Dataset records
◆ ◆ ◆ ◆ ◆ ◆ ◆

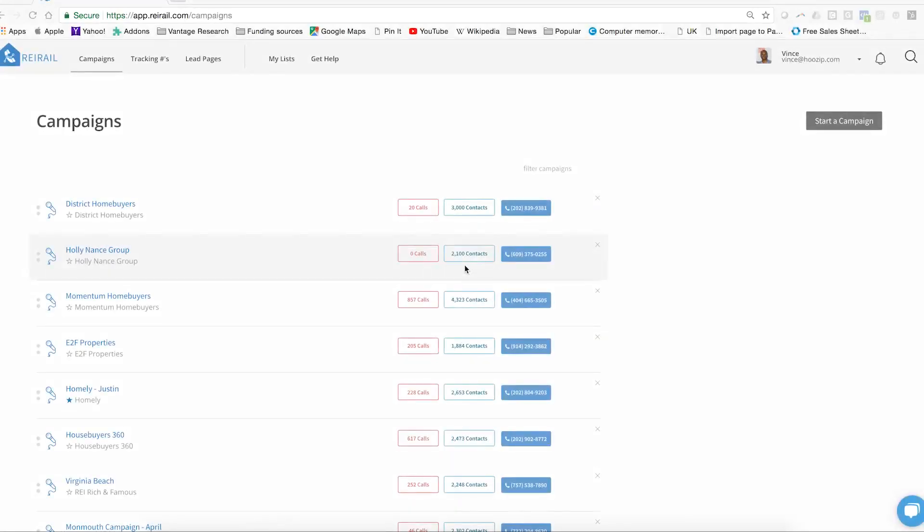Today we are going to go over how to create a campaign inside of REI rail. Campaigns are the way that you manage your marketing efforts, keep track of those efforts, and know who is responding. In particular, this is how you will know what's being said on those calls when people call you back. Let me show you how to get a campaign set up. You can do that from your welcome screen by clicking start a campaign. This will launch the campaign creator wizard.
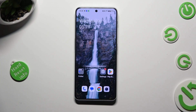Hi, in front of me is OnePlus Nord 3 5G and today I would like to show you how you can set up Face Unlock.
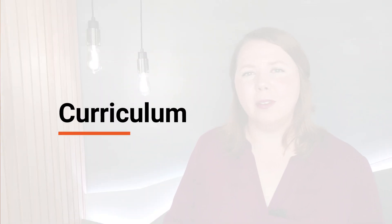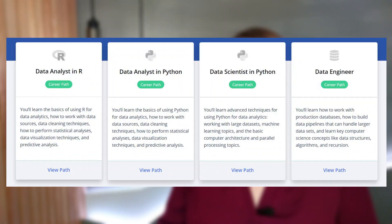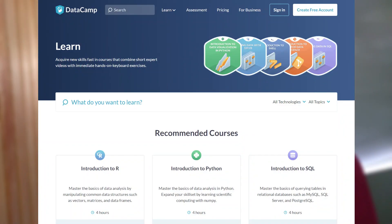In terms of curriculum, DataQuest offers hundreds of courses in addition to projects and practice. While you can take these courses in any order or as standalones, the real structure is around career paths — stringing together many courses to build an overall skill set. DataCamp also offers hundreds of courses as well as projects and practice. Again, while you can take these individually, the focus is really around career and skill tracks that string multiple courses together. The two platforms are fairly similar in their overall curriculum structure.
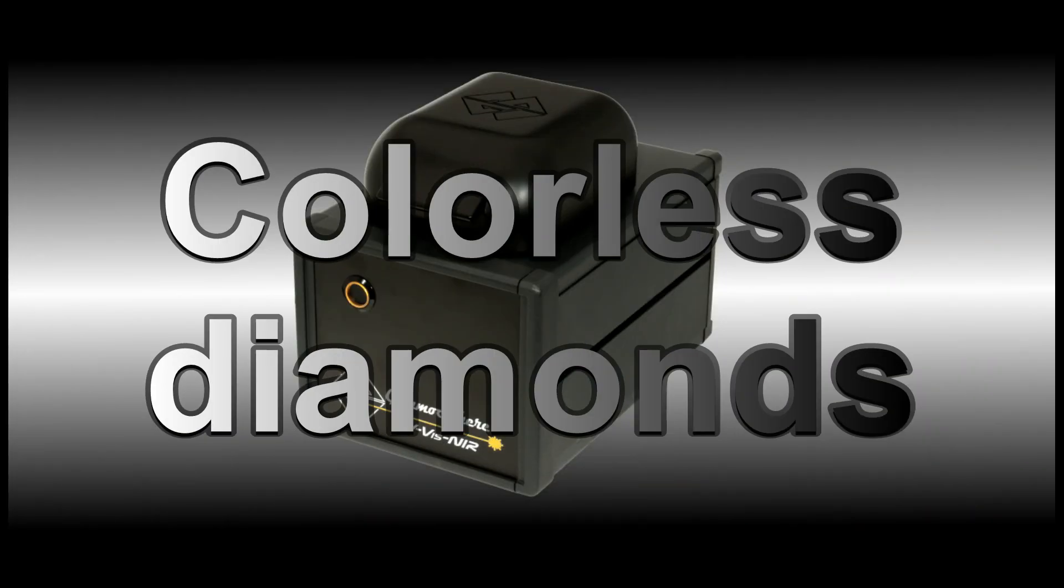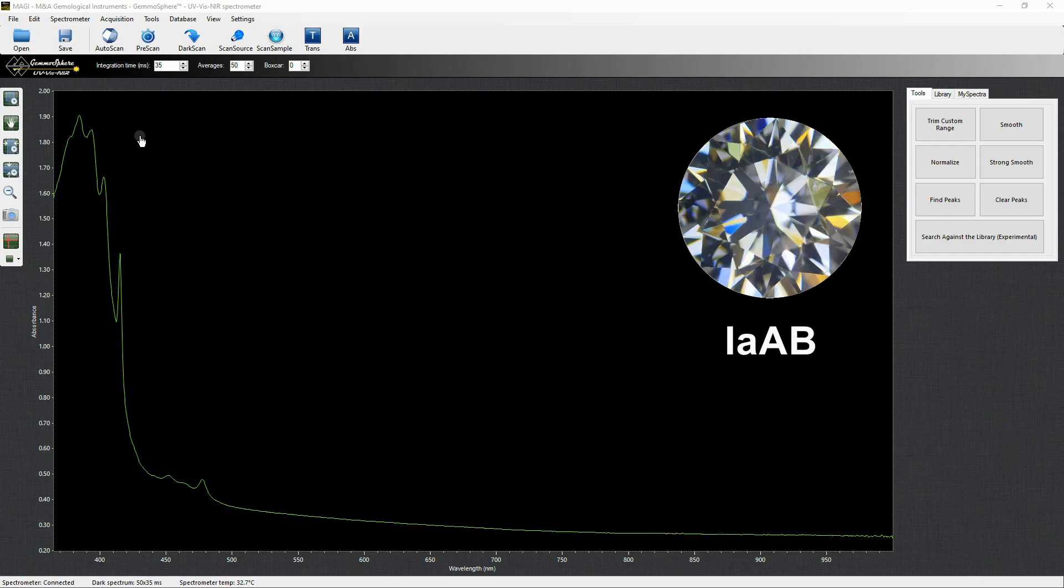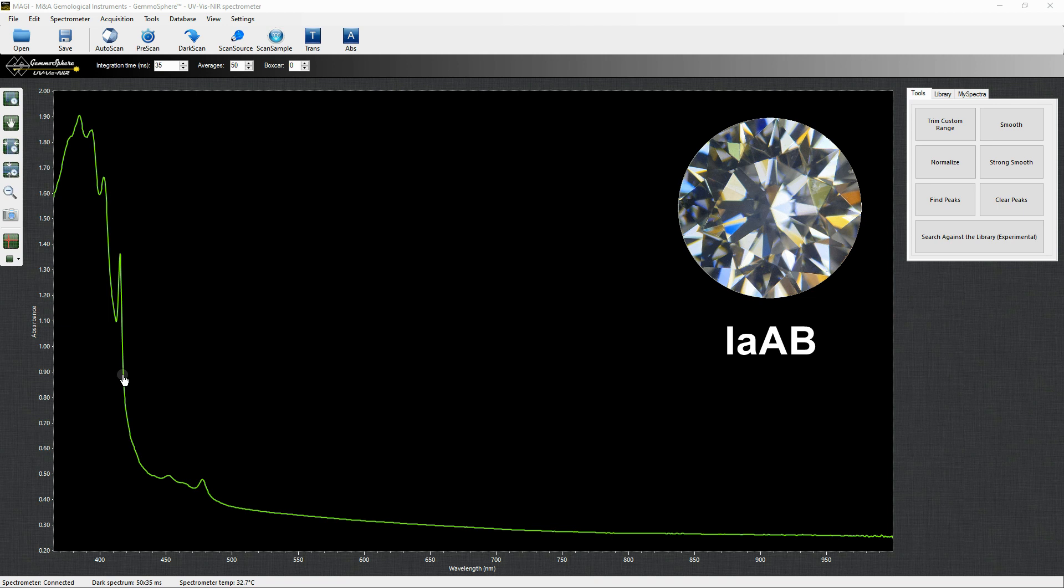Colorless diamonds. This is the most common absorption spectrum of a colorless diamond. 98% of diamonds contain nitrogen in aggregate form as defects in the crystal lattice.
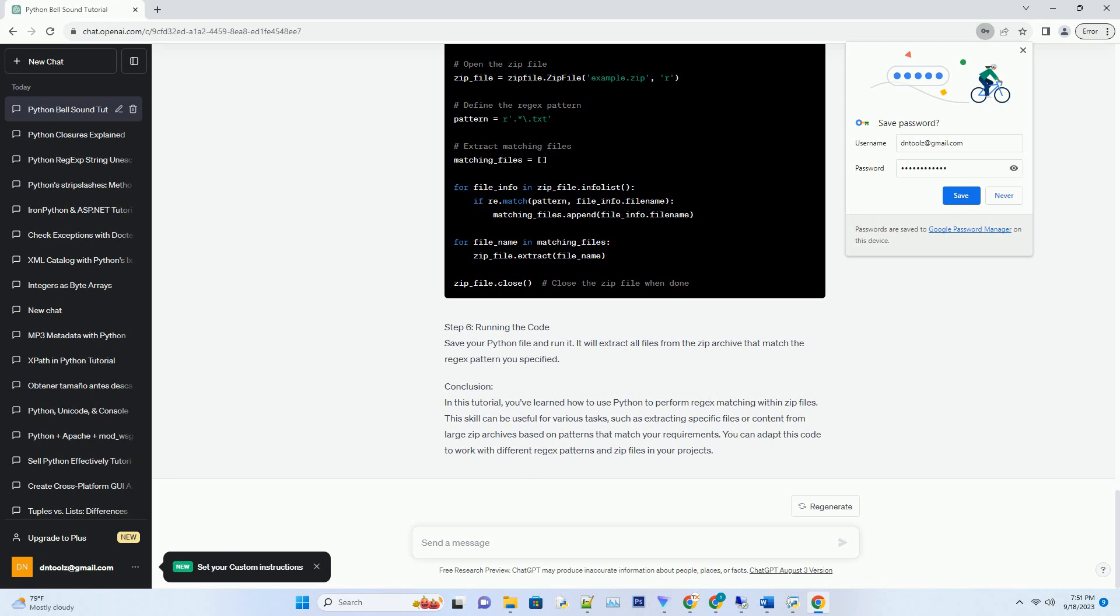Step 5: Complete the Code. Here's the complete code for extracting files from a zip archive based on a regex pattern. Step 6: Running the Code. Save your Python file and run it. It will extract all files from the zip archive that match the regex pattern you specified.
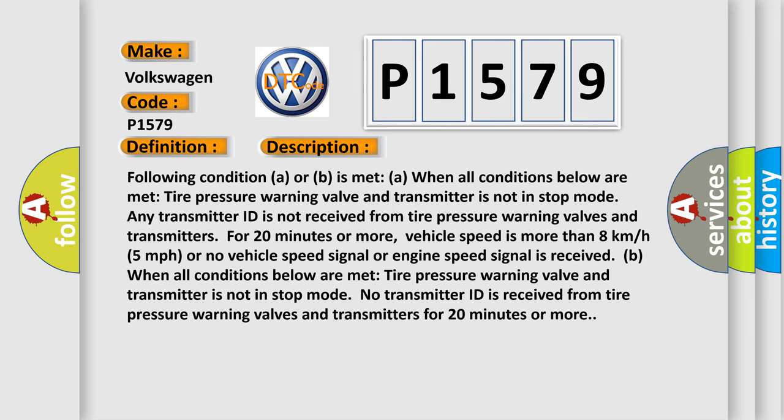Vehicle speed is more than 8 kilometers per hour, 5 miles per hour, or no vehicle speed signal or engine speed signal is received.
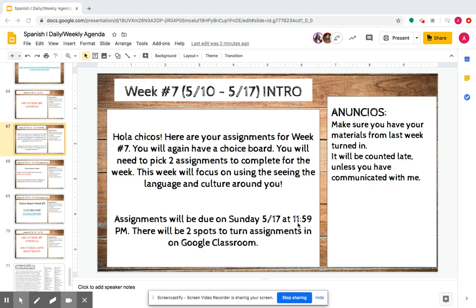Okay, chicos. Bienvenidos a semana número siete. Semana siete.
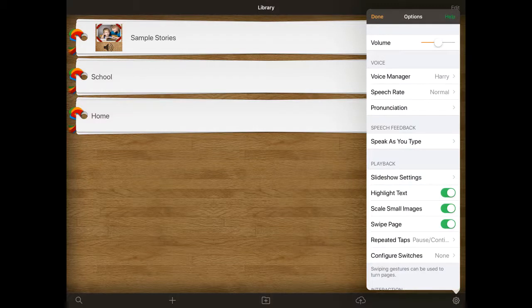Once you've set up the voice manager and you've got the right voice, all of your stories will then play from that voice if they've been created by you. If they've been created by somebody else and sent to you — for example the sample stories — they will still continue to play in the voice that they've been set up with.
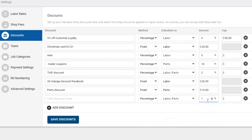If it's a percentage method, pick and choose what you want, then enter that percentage — for example, 10%. You also have a cap. If you don't want to give away more than $100, set that as your cap. Even on a large repair order, applying the discount will still only take off a maximum of $100.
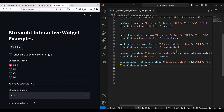So you have seen how you can make use of these interactive widgets from Streamlit. This is all about this lesson. Thanks a lot for watching, I'll see you in the next one.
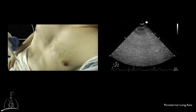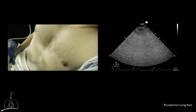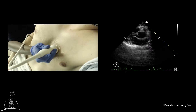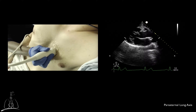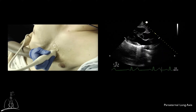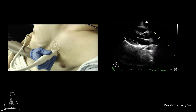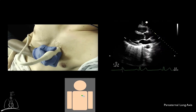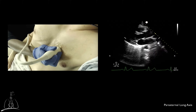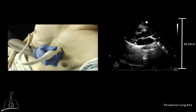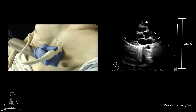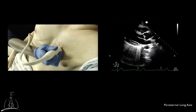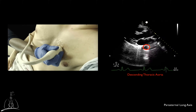The parasternal long axis view can be obtained by placing the probe between the second and fourth intercostal space along the left parasternal border, close but not over the sternum. The transducer indicator should be pointing toward the patient's right shoulder. Always start setting the depth at 20 to 24 centimeters. This will allow adequate assessment of possible presence of left pleural or pericardial effusion as well as descending thoracic aortic pathology.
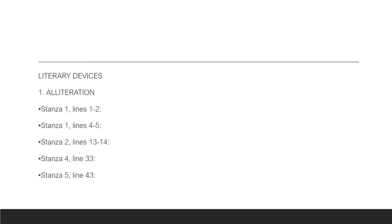The literary devices used in the poem. You'll find alliteration along with the ones that I just mentioned in a brief summary. And I'm going to give you the lines, the stanzas and possibly the lines that you can find them on. Alliteration comes in stanza one, lines one to two. There is also alliteration again in lines four to five in the same stanza. In stanza two, lines 13 to 14, you'll find alliteration. In stanza four, line 33 and stanza five, line 43.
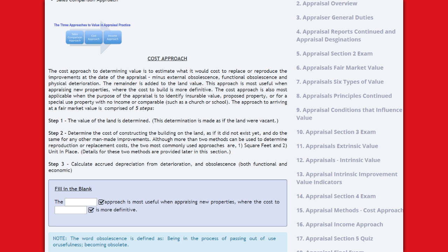Step 1: The value of the land is determined, as if the land were vacant. Step 2: Determine the cost of constructing the building on the land as if it did not exist yet, and do the same for any other man-made improvements. Although more than two methods can be used, the two most commonly used approaches are square feet and unit in place.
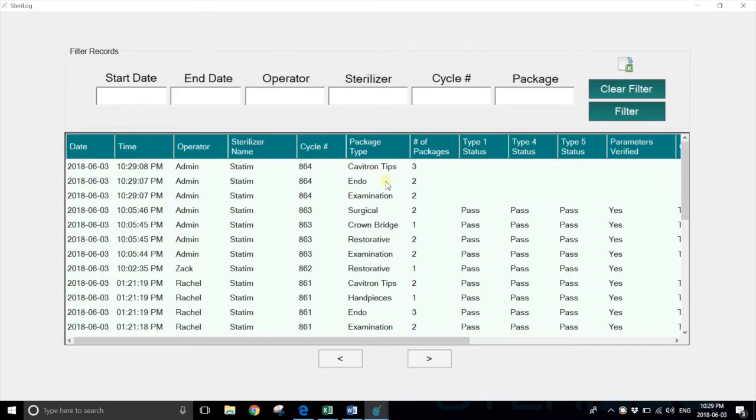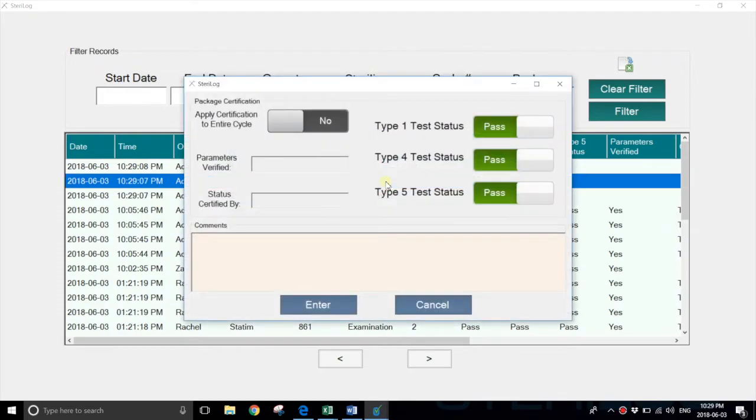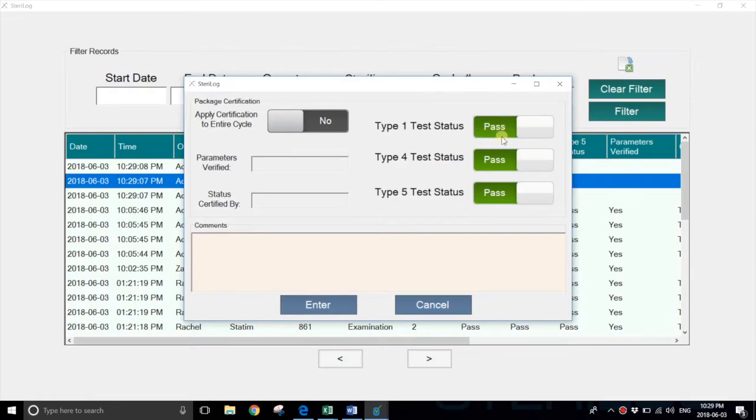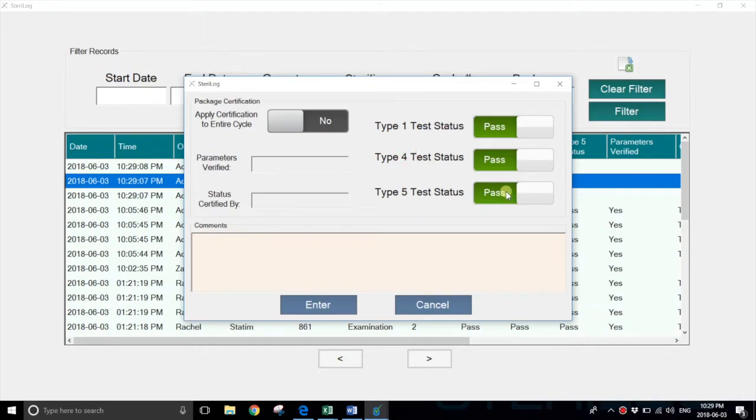She could select any one of them and sign off on the chemical indicators. You have your Type 1, Type 4, and Type 5 indicators. If these are all passed, you set them as such.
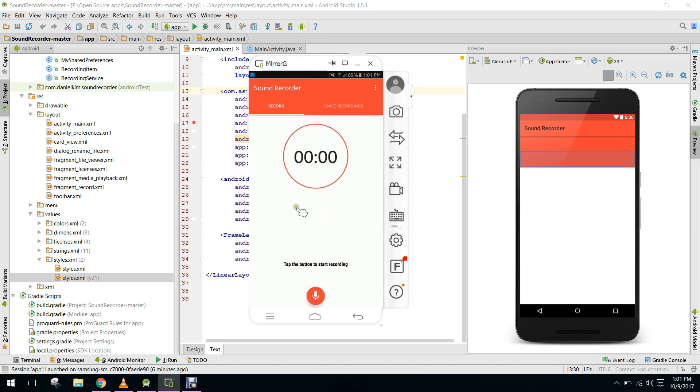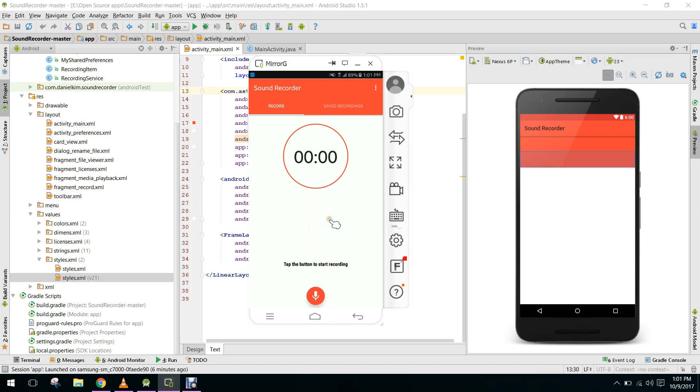What the user will do is they will open the application and they have to click on the record button. Their voice will be recorded and when they press the store button, their voice will be stored and saved in the SD card of the smartphone.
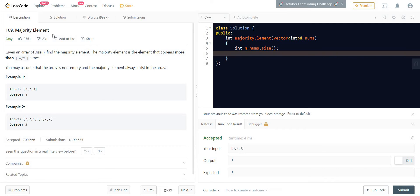Hey there, welcome back to Leadcoding. Today we are here with a very famous interview question called Majority Element. We are going to solve the problem using three approaches, starting from the basic solution to the most optimized one. So please watch the complete video. The problem description is: we are given N elements and we have to return the element which is the majority element. An element is called Majority if it occurs more than N/2 times.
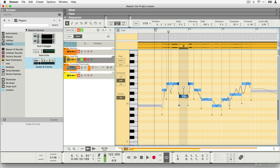There are also a bunch of new presets and some minor workflow tweaks, but this really helps Reason to become an even better music production environment. So let's go ahead and dive in and have a look at what's new.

◆ ◆ ◆ ◆ ◆ ◆ ◆

Work order: From the first line of the records through the line with "Once you've set", reproduce each line exactly and leave the pictures out.

Solution for this problem:
Today we are going to go over how to create a campaign inside of REI rail. Campaigns are the way that you manage your marketing efforts, keep track of those efforts, and know who is responding. In particular, this is how you will know what's being said on those calls when people call you back. Let me show you how to get a campaign set up. You can do that from your welcome screen by clicking start a campaign. This will launch the campaign creator wizard.
Hi, in front of me is OnePlus Nord 3 5G and today I would like to show you how you can set up Face Unlock.
In terms of curriculum, DataQuest offers hundreds of courses in addition to projects and practice. While you can take these courses in any order or as standalones, the real structure is around career paths — stringing together many courses to build an overall skill set. DataCamp also offers hundreds of courses as well as projects and practice. Again, while you can take these individually, the focus is really around career and skill tracks that string multiple courses together. The two platforms are fairly similar in their overall curriculum structure.
Colorless diamonds. This is the most common absorption spectrum of a colorless diamond. 98% of diamonds contain nitrogen in aggregate form as defects in the crystal lattice.
Step 5: Complete the Code. Here's the complete code for extracting files from a zip archive based on a regex pattern. Step 6: Running the Code. Save your Python file and run it. It will extract all files from the zip archive that match the regex pattern you specified.
Vehicle speed is more than 8 kilometers per hour, 5 miles per hour, or no vehicle speed signal or engine speed signal is received.
Okay, chicos. Bienvenidos a semana número siete. Semana siete.
Once you've set up the voice manager and you've got the right voice, all of your stories will then play from that voice if they've been created by you. If they've been created by somebody else and sent to you — for example the sample stories — they will still continue to play in the voice that they've been set up with.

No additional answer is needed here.